The interconnection of the world today has resulted in the freer flow of capital across borders as new centres of economic strength and innovation emerge globally. Supported by an effectively regulated and market-oriented regime, exchanges are striving to build a niche for themselves as choice destinations for listing, together with instituting forward-looking differentiation strategies in their business operations with an aim of shaping the future direction of capital raising.

Against this background and in order to foster effective capital raising, exchanges have a significant role to play in: enhancing transparency and performance on Environmental, Social and Corporate Governance (ESG) issues, upgrading trading systems to align to current market needs, and instituting strong and tailored cyber security practices. The implementation of these, among other strategies, can help escalate capital raising through the capital markets in many ways including:

1. First, the intense focus on global sustainability issues has been prompted by growth in innovative sustainability-themed capital market products, such as renewable energy investments, green bonds, social-impact bonds, and sustainable funds. This has been fuelled by investors increasingly demonstrating a desire to align with major global frameworks, particularly the United Nations (UN) Sustainable Development Goals (SDGs) and the Paris Agreement on Climate Change. Research has established that ESG factors are material to long-term financial performance, hence more investors are making investments with a focus on generating a positive impact not only for the planet but people as well, alongside traditional financial returns. Thus, the role of exchanges in advocating for ESG initiatives and ensuring integrated reporting cannot be overemphasised.

2. Second, the upgrade of the trading, clearing and settlement systems is extremely pertinent in boosting the liquidity of capital markets as it allows investors to realise the value of their investments more freely. With improved systems, the effective installation of strong cyber security strategies is critical in cementing the role of market infrastructure institutions in serving the overarching objective of: enhancing market integrity, transparency, and operation of an efficient and resilient trading, clearing and settlement system. Accordingly, the successful implementation of robust industry-wide cyber-security is central to the maintenance of confidence in the market ecosystem.

The successful implementation of the above serves to ensure that exchanges stay ahead of the curve in terms of triggering increased market activity, thereby attracting both domestic and foreign capital to catalyse economic growth and development of respective countries.
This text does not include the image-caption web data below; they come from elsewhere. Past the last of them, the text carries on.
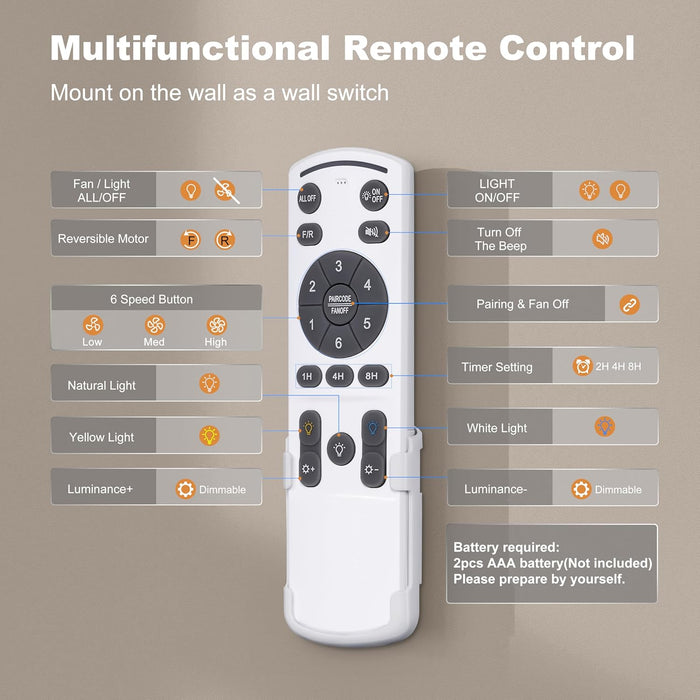 Ceiling Fan with Lights, 46" Flush Mount Ceiling Fans Remote/App Control - Dimmable, Quiet DC Motor, Indoor Ceiling Fans for Bedroom Kitchen, Black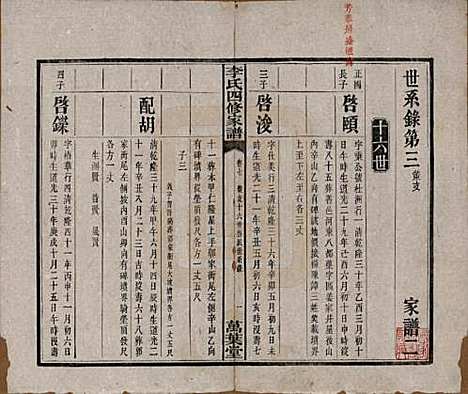 湖南[李姓] 湘潭神冲李氏四修家谱 — 民国8年[1919]_七.pdf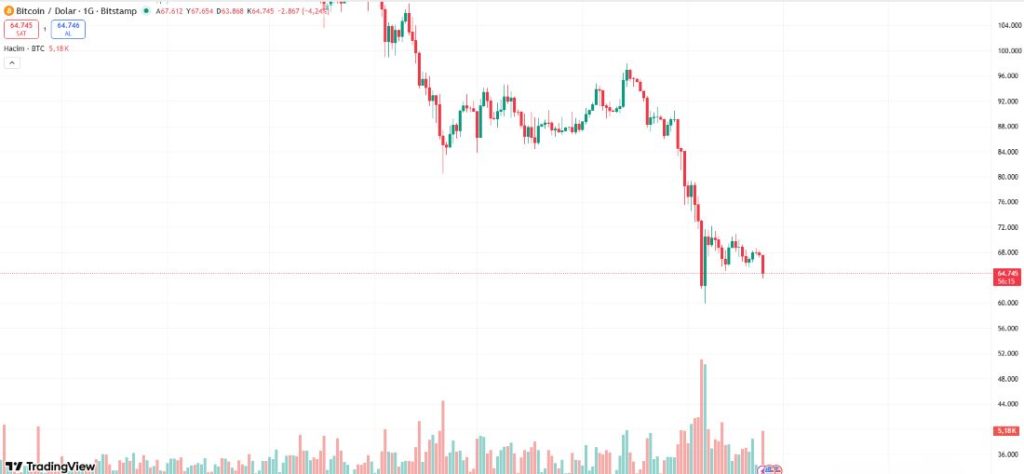 Bitcoin 55.000 Dolara Çakılır mı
Systems and sustainability aside, exchanges are about listings. A survey conducted by Baker McKenzie in 2019 revealed a promising IPO pipeline for the future and increased volumes of direct listings. Out of the 353 senior executives surveyed from public and private entities across industries globally, 83% of 200 executives from private companies indicated that their company was considering either a partial or full IPO, with most of them (65%) giving an indication that this could happen sometime in the next three to five years. Notably, according to the Baker McKenzie report, despite the fact that most companies wait longer before coming to market, this is expected to rebound in the near future, a testament to the long term value proposition of coming to market.

In order to address the anxieties of some potential issuers, some exchanges have opted to introduce listing segments with less onerous eligibility requirements to broaden the catchment of potential issuers willing to step into the public markets. Kenya’s Nairobi Securities Exchange for one, established a Growth and Enterprise Market segment (GEMs) with a particular focus on attracting the small and medium enterprises (SMEs) and venture companies that account for 70% of national GDP. The accommodations granted have been targeted to find an appropriate balance to retain emphasis on sound corporate governance to enhance investor protection and confidence.

As proper valuation and pricing practices aligned to global standards are implemented and the quality of the institutional investors at the bourse scales up, this is expected to have a catalytic effect on future listings creating a vibrant pipeline of companies looking to step up to the main board, or to simply broaden investor options while remaining on the GEMs Board. Strong and transparent valuation practices are further expected to provide attractive exit options to private equity firms, with East Africa being the largest destination for private FDI on the continent.

The commitment of the World Federation of Exchanges to consistently empower its members with high quality research together with actively contributing to the regulatory agenda of IOSCO will no doubt only further cement the role of listed capital markets as an indispensable source of long-term financing.